Your instructions
Working through the data below, reproduce word for word the line with "Screenshot of isitdowntoday.com" and every line after it, both ends included, and omit the pictures.

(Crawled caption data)
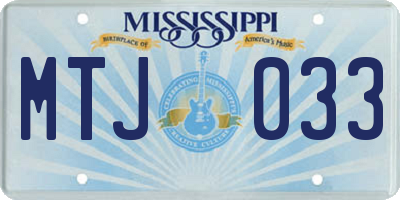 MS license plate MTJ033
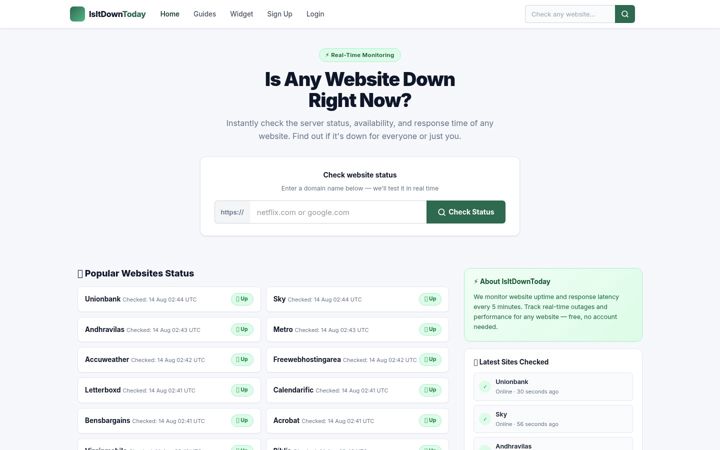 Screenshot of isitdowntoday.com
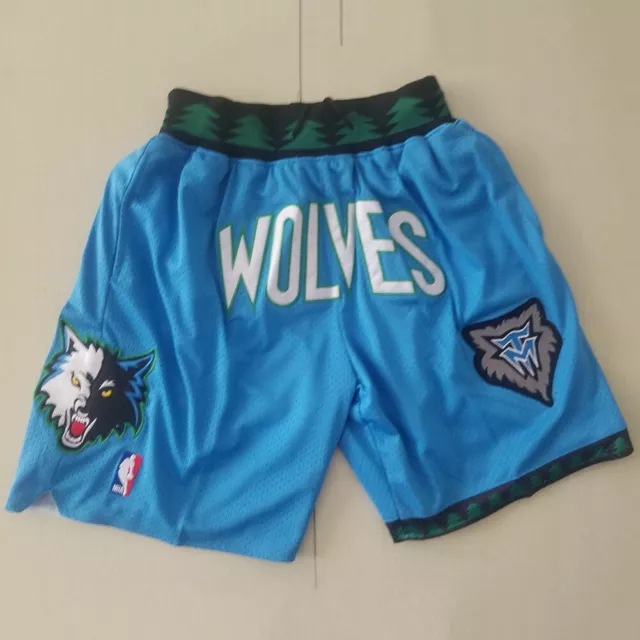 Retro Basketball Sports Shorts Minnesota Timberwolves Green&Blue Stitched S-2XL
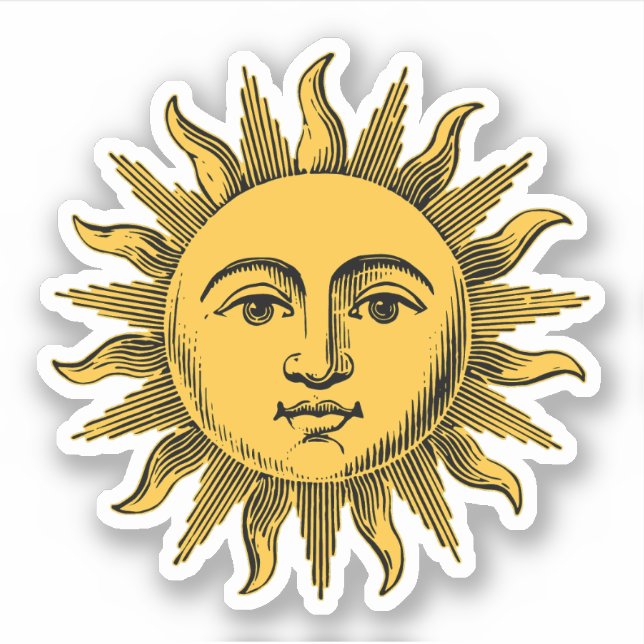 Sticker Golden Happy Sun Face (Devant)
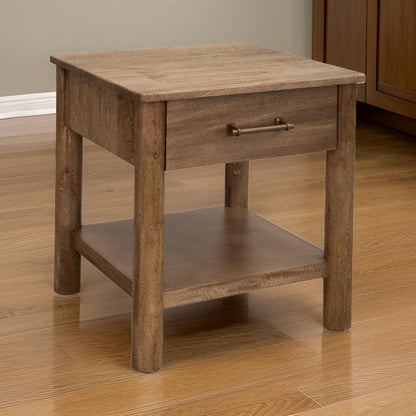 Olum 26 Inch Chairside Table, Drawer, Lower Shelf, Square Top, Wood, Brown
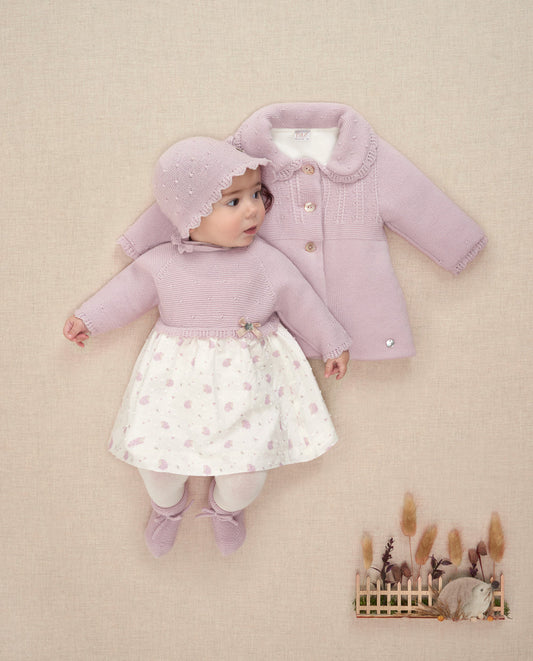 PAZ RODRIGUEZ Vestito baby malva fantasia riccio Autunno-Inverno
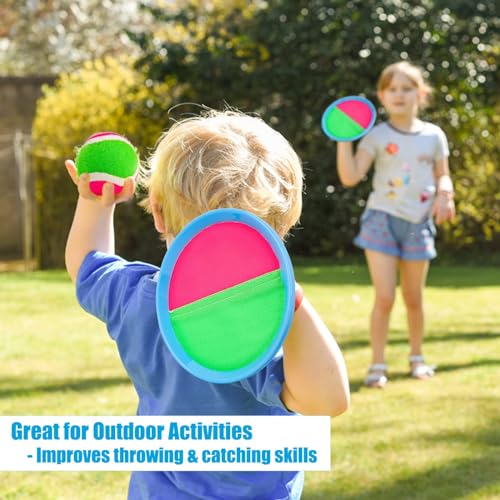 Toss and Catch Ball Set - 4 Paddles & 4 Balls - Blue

Response below
 Screenshot of isitdowntoday.com
 Retro Basketball Sports Shorts Minnesota Timberwolves Green&Blue Stitched S-2XL
 Sticker Golden Happy Sun Face (Devant)
 Olum 26 Inch Chairside Table, Drawer, Lower Shelf, Square Top, Wood, Brown
 PAZ RODRIGUEZ Vestito baby malva fantasia riccio Autunno-Inverno
 Toss and Catch Ball Set - 4 Paddles & 4 Balls - Blue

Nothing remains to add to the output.